In the weeks leading up to the hearing, I spent the time gathering pictures of my wrist, getting the injury treated at the Concord Community Acupuncture, finding myself a place to stay, booking plane tickets, contacting the lawyer, and attending a fundraiser by OccupyNH to help pay for the NLG lawyer. To say I was busy is an understatement.
As much as I was working on gathering what I needed to be prepared, I was trying hard not to think about the actual hearing. I knew if I allowed myself to think on it too much I’d start getting really apprehensive so I focused on the details and some other work I have as a way to ease the apprehension.

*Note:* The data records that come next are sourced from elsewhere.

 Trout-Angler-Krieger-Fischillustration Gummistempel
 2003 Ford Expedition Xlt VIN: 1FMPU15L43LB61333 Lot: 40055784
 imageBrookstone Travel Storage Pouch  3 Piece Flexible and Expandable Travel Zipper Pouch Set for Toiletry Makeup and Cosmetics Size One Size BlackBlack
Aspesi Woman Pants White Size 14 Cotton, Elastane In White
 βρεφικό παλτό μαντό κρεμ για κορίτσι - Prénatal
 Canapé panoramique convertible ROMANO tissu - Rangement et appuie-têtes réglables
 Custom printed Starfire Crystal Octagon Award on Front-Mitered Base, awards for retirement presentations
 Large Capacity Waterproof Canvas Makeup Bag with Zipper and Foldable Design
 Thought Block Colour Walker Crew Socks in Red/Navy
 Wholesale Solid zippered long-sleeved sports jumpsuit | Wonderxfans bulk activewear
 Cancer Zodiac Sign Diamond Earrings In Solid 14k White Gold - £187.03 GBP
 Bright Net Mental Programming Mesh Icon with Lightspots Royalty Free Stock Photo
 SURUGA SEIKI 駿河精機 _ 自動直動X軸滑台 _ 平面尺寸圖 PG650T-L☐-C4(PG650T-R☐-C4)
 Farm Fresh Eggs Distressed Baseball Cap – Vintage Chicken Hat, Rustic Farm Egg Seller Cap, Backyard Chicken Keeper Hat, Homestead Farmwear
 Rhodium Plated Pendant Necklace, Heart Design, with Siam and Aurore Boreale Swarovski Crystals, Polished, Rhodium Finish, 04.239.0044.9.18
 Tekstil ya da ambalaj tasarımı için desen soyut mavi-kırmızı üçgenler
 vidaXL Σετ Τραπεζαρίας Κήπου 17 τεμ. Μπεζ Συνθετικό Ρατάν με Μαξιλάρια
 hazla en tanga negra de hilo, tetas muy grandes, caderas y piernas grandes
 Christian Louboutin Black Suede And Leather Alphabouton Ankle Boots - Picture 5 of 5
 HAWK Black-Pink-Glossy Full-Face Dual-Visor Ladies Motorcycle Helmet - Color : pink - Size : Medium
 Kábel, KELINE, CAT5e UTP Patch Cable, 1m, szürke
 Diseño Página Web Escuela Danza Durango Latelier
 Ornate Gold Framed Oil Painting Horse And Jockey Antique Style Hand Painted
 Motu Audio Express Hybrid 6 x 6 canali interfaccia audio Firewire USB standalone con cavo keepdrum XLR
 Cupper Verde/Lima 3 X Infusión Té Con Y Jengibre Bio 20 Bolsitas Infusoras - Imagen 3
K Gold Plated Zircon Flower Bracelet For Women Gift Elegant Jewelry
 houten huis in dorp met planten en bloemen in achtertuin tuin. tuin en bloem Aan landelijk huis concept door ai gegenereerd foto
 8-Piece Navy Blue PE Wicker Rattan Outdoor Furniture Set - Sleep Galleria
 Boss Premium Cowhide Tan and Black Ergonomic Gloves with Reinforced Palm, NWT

I was so grateful to OccupyNH for hosting a fundraising dinner for me. The NLG wanted $100 in payment (though they didn’t require it) so I wanted to make sure I gave them some compensation. That ONH was able to come together and gather that amount, plus a bit more for, as Ryan put it, “a burger at Ruby Tuesdays”, moved me almost to tears. I announced at the end of the night that it was in the top 3 of “the best nights of my life, ever.”
Will Hopkins, Executive Director of New Hampshire Peace Action put me in touch with Kathy Kelly of Voices for Creative Nonviolence. She provided me with a warm, dry bed, a shower, and some food. I was so grateful I got to meet someone I’ve been admiring from afar for a really long time.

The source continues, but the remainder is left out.